The Labor Supply Effects of US Social Safety Net Programs
(Poverty and Income Policy)
*Names in bold indicate Presenter
This session includes three papers on the labor supply effects of US social safety net programs. These programs, which include Head Start, the Temporary Assistance for Needy Families program (TANF), and Workers’ Compensation insurance, are intended to decrease poverty and inequality through cash or in-kind transfers. Changes in the program policies generate changes in labor supply incentives among those who may be eligible to participate.

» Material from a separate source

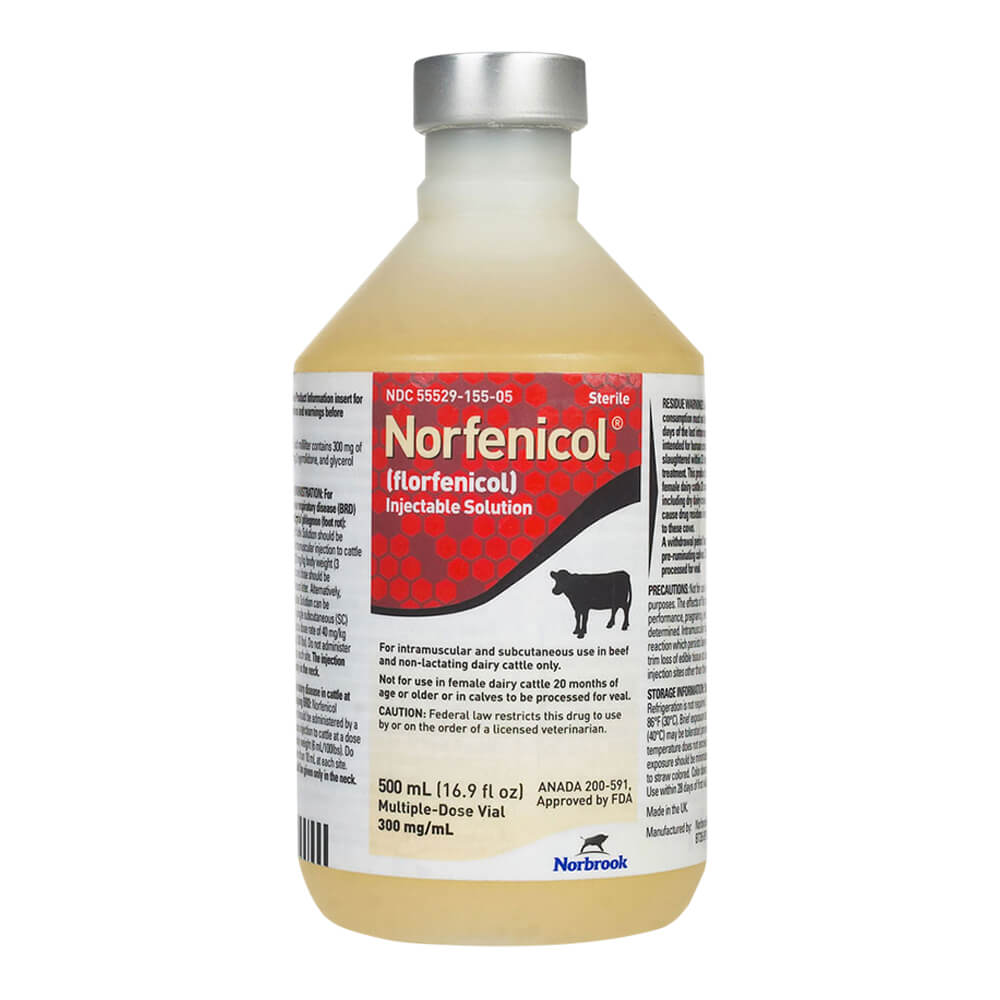 Rx Norfenicol (florfenicol) Injectable Solution for Cattle, 500 ml - Pet's Shop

Pepin uses policy variation across states and over time to estimate the effects of stricter TANF time limit policies on program participation, labor market outcomes, and income. Within a targeted population, she finds that stricter time limits decrease annual TANF participation by 23 percent. Pepin also finds evidence that decreased TANF generosity increases employment and earnings among mothers without young children and mothers of both young and adolescent children but decreases employment and earnings among mothers of young children only. The pattern of results suggests that work becomes relatively less attractive in the absence of TANF income and work requirements among mothers who face the highest child care costs. Wilke and Wilson and Jinks, in contrast, estimate the effects of increased program generosity on labor market outcomes. Wilke and Wilson exploit variation from three natural experiments to estimate the effect of the Head Start program on labor supply. The authors find that Head Start funding and enrollment expansions are associated with a 2 percentage point increase in employment among single mothers. Wilke and Wilson’s results suggest that the labor supply increases induced by Head Start are largest among women without young children or when Head Start programming is available all day. Finally, Jinks estimates the effect of increased wage replacement payment levels within Workers’ Compensation insurance. She finds that increased wage replacement leads to longer time off of work but does not change short-term health outcomes. Nonetheless, increased wage replacement payments are associated with fewer re-injury cases, and a welfare analysis suggests that the increased generosity of Workers’ Compensation benefits reduces employer costs in the long run. Taken as a whole, this research suggests that US social safety net programs and policies affect individuals’ labor supply decisions and, therefore, that policy decisions have implications for families’ economic well-being.